Steve Schmitz has spent a lot of time underground.
Schmitz was a missile launch officer while stationed at Grand Forks (N.D.) Air Force Base. With a crew partner, Schmitz would pull 24-hour shifts in a musty underground missile capsule equipped to launch intercontinental ballistic missiles.
“We never launched a missile, so there was a lot of downtime,” says Schmitz, president/CEO at $1 billion asset First Community Credit Union in Jamestown, N.D. “You could eat and sleep down there, but one of you had to be awake all the time.”
He made good use of the downtime, earning his master’s degree and reading 300 books—ranging from classic and fantasy tales to espionage novels by Tom Clancy—and conversing with his crew mate.
Schmitz joined the Air Force ROTC while an accounting major at North Dakota State University. The decision gave him direction and accountability in college, he says.
He was commissioned as a second lieutenant after graduating in August 1989 and was sent to the Grand Forks Air Force Base. In 1994, he transferred to a base outside of Colorado Springs, Colo., and worked for Second Space Operations, where he ran GPS satellites.

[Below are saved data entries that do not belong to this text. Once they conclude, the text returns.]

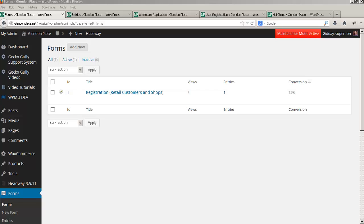Hi, this is Christine from Gekko Gully Websites. What I want to show you is an explanation of how the registration for WooCommerce customers works where you've got both wholesale and retail on the one site.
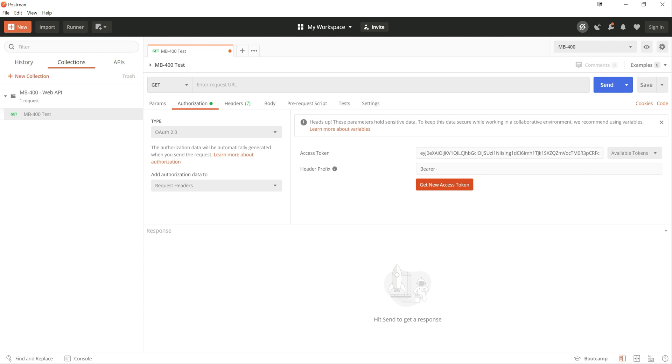So that pretty much wraps it up for this video. So hopefully you've seen here how we can get set up ready to authenticate into the web API. In the next video, we're going to take a look at how we can use the discovery URL to work with different instances and identify the one that we want to connect into to perform additional operations.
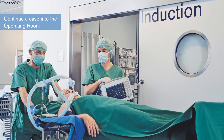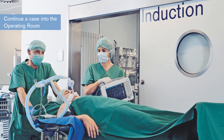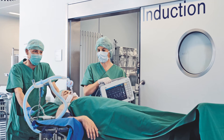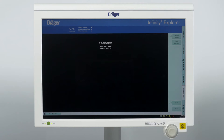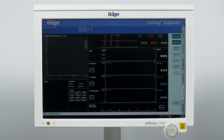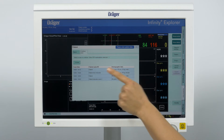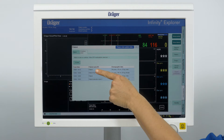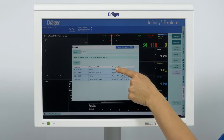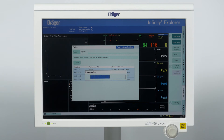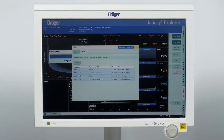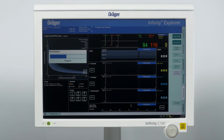If you work with induction rooms, you can continue a case in the main operating room. Press the standby button to stop SmartPilotView in the induction room. In the main operating room, switch the second SmartPilotView from standby mode to operation mode by pressing the start button. A patient dialog window will appear. Select 'Continue Case' and you will see a list of cases. Select the case according to your patient and confirm to continue. Now the second SmartPilotView is active and will continue to display the calculated anesthesia level in the main operating room as a continued case after the induction room.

He remained in Colorado until he left the Air Force as a captain in June 1997.
While most of his Air Force career was spent in “behind the console and fight from afar type positions,” Schmitz says he learned valuable information about training and processes. However, the biggest lesson learned involved people.
“When you’re spending 24 hours underground with people, you got to know them,” he says. “You closed the blast door between you and the rest of the world and then it was just you and your crew partner. And you talked. Very seldom did they match up with your preconceptions.”
His service also influenced his leadership style.
While at Grand Forks Air Force Base, Schmitz says he had two commanders with very different leadership styles. One was authoritative and it was “his way or the highway,” while the second was approachable and team-orientated.
“The first one you worked for because you had to, and the second was because we wanted to,” Schmitz says. “People want to be a part of something greater. They want to be part of a team.
“In the military, you can be the authority because people have to follow you,” he continues. “In the civilian world, they do not, and that really stuck with me.”